AuthorsLaiolo, Paola ; Vögeli, Matthias; Serrano, David ; Tella, José Luis
Issue Date2007
PublisherBlackwell Publishing
CitationJournal of Avian Biology 38: 672- 681 (2007)
AbstractIndividuals of some species differentiate each other on the basis of the acoustic features of their vocalizations, and this can be used in individual-based population monitoring studies. No research has tested for the effectiveness of individual marking through voice recognition as compared to traditional monitoring methods relying on physical marks.
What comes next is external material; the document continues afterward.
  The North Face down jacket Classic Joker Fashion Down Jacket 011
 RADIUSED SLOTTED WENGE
We compared voice recognition and physical marking using the Dupont's lark Chersophilus duponti as a study species. This bird needs to be attracted with playback in order to be seen (or captured). We first demonstrated that the territorial calls from a sample of banded males were individually distinctive and constant over time by means of discriminant function analysis, which correctly classified 100% of marked males. Then, we applied similarity techniques on call spectrotemporal features to define a threshold value of similarity within banded individuals, to be combined with qualitative spectrogram inspection for the classification of all recorded birds. Eventually, we compared the voice and the capture samples, to test for differences in relation to re-location rate, territory fidelity and dispersal movements both within and between years. Voice recognition was less time-consuming than capture-recapture method in the field, but it was useless for monitoring yearlings in call development stage. The two methods provided the same results in terms of territory fidelity and dispersal movements, but differed in re-location rates, which were significantly greater in the case of voice recognition method. By means of physical captures we possibly trapped a large sample of young and silent floaters, with low probability of recapture or recording. This mismatch between methods could bias the estimates of annual survival, which strongly depend on re-location rates. We suggest considering the two methods as complementary rather than alternatives for monitoring populations. Each technique offers unique information, and the two sources should be combined to provide correction factors that would eventually sharpen our knowledge on bird population ecology. © Journal of Avian Biology.